THE MANY ROLES HIDDEN IN A NAME

When a new molecule is discovered, usually in the process of investigating a normal or pathological function, it receives a name related to its physiological role, a function-related name. This is all well, but in the vast majority of cases, alternative functions are discovered by later investigations, and occasionally it is realized that the original discovery did not concern the major biological function. If the extension of the physiological role comes a significant time after the christening, the name sticks, no matter how inappropriate it is. The fact is that most proteins multi-task; thus, it is not surprising to read in this issue of the journal that relaxin is no exception. Samuel et al present a study of the role of relaxin in murine male development using the gene knockout approach to probe function (Lab Invest 2003, 83: 1055–1067). The protein that facilitates female reproductive function turns to interfere with male fertility by causing sperm immaturity and a significant increase in the rate of cell apoptosis in the testis and prostate. The descriptive data suggest that relaxin may mediate its effects in the male by anti-apoptotic activity—one more action not suggested by its name related to the act of delivering one's progeny!

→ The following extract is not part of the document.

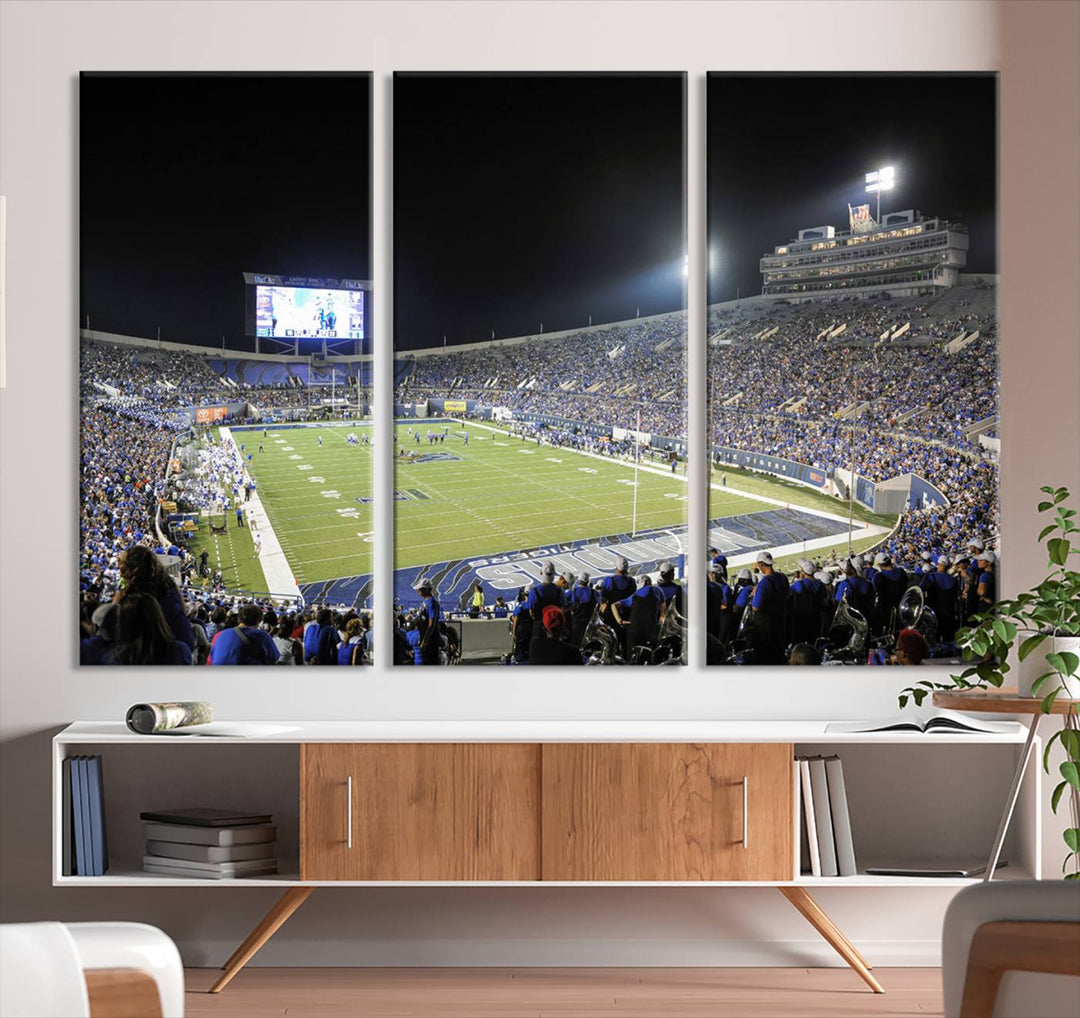 A vibrant depiction of Liberty Stadium at night, highlighting a Tigers football game on the large screen with stands filled with enthusiastic fans.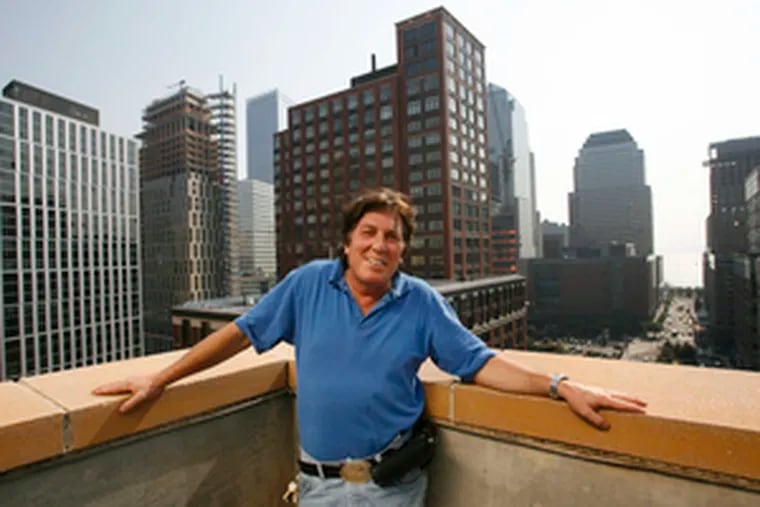 Tom Bulger on the roof of Stuyvesant High School, where he works, about four blocks from the World Trade Center. Go to http://go.philly.com/detox for an online exclusive on Bulger and three others who went through the detoxification program.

THE LIFE AND DEATH OF HEPATOCELLULAR CARCINOMAS

Failure of apoptotic cell death is considered important in hepatocarcinogenesis because of the inherently high proliferative potential of hepatocytes during liver regeneration. Human hepatocellular carcinomas indeed show resistance to apoptosis mediated by several known “death” receptors. A number of anti-apoptotic mechanisms, such as reduced expression of Fas, caspases, and increased expression of the anti-apoptotic Bcl-2 and IAP families contribute to the resistance of human hepatocellular carcinomas to immune-mediated cytotoxicity. In this issue, Okano et al identify cFLIP (cellular FLICE/caspase-8 activation protein) to be constitutively expressed in all human hepatocellular cell lines examined (Lab Invest 2003, 83: 1033–1043). cFLIP inhibits apoptotic signaling pathways mediated by all known death receptors, including Fas, TNF-R, and TRAIL. These data suggest that resistance to apoptosis in hepatocellular carcinomas is likely because of the intracellular action of cFLIP rather than to alteration of “death receptor” expression or an increase in the expression of “decoy” receptors. cFLIP also may contribute globally to hepatocellular carcinoma by activating known survival pathway involving NF-κB.